- Born: June 10, 1949 (age 77) New York City, U.S.
- Occupation: Writer; novelist;
- Education: New York University (BA) Columbia University (MFA)

Website
- janebernstein.net

= Jane Bernstein =

American writer

Jane Bernstein (born June 10, 1949) is an American writer and novelist.

==Biography==
Born in Brooklyn, Bernstein received her Bachelor of Arts at New York University and her Master of Fine Arts at Columbia University. She is a professor of English at Carnegie Mellon University, where she has taught since 1991.

She lives in Pittsburgh with Jeffrey F. Cohn, Professor of Psychology at the University of Pittsburgh, and she is the mother of Rachel Glynn and filmmaker Charlotte Glynn.

==Other works==
Her short works have been widely published in journals and magazines, including The New York Times Magazine, Glamour, Fourth Genre, Creative Nonfiction, and Massachusetts Review.
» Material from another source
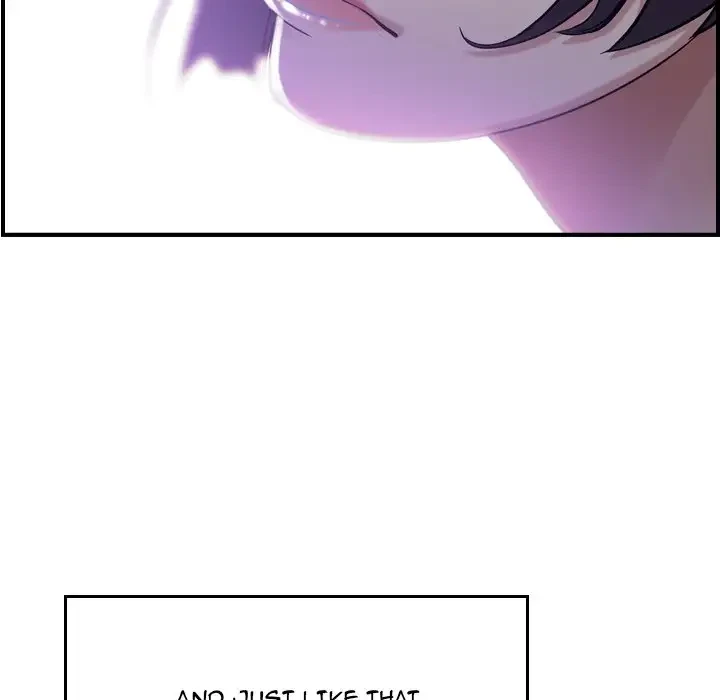 Chapter 18, page 121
From 1974 to 1993, she worked as a screenwriter. Her co-written screenplay for Seven Minutes in Heaven was released by Warner Brothers in 1986. The movie won a Special Merit Award at the U.S. Film Festival in Santa Barbara, California in 1987 and an audience award at the Sundance Film Festival in 1986.

==Fellowships and awards==
Bernstein was twice the recipient of a National Endowment for the Arts Fellowship in Creative Writing, in 1982–1983 and in 2000–2001. She was awarded a Pennsylvania Council on the Arts Fellowship in Media Arts in 1995 and in Creative Writing in 2002. Other fellowships and awards include two New Jersey State Council on the Arts Fellowships, and in 2004, a Fulbright Fellowship, which she spent at Bar-Ilan University in Ramat Gan, Israel. Awards for her essays include The Virginia Faulkner Award for Excellence in Writing in 2001.

==Books==
- Departures, Holt, Rinehart and Winston, 1979, ISBN 978-0-03-048216-8
- Seven Minutes in Heaven, Fawcett Juniper, 1986, ISBN 978-0-449-70139-3
- Loving Rachel: a family's journey from grief, Little, Brown, 1988, ISBN 978-0-316-09204-3
- Bereft – A Sister’s Story, North Point Press, 2000, ISBN 978-0-86547-586-1
- Rachel in the World, University of Illinois Press, 2007, ISBN 978-0-252-03253-0
- Second Lives - Tales from Two Cities, Jane Bernstein and Rodge Glass, eds., Cargo Publishing, 2012, ISBN 978-1908885029
- Gina from Siberia, with Charlotte Glynn, illustrations by Anna Desnitskaya, Animal Media Group, 2018, ISBN 978-1947895003
- The Face Tells the Secret, Regal House, 2019, ISBN 978-1947548787

==Trivia==
In the summer of 1977, while helping director Jonathan Kaplan cast the film Over the Edge, a teen rebellion film released in 1979, she met Matt Dillon at the Hommocks Middle School in Larchmont, New York, thus launching his acting career.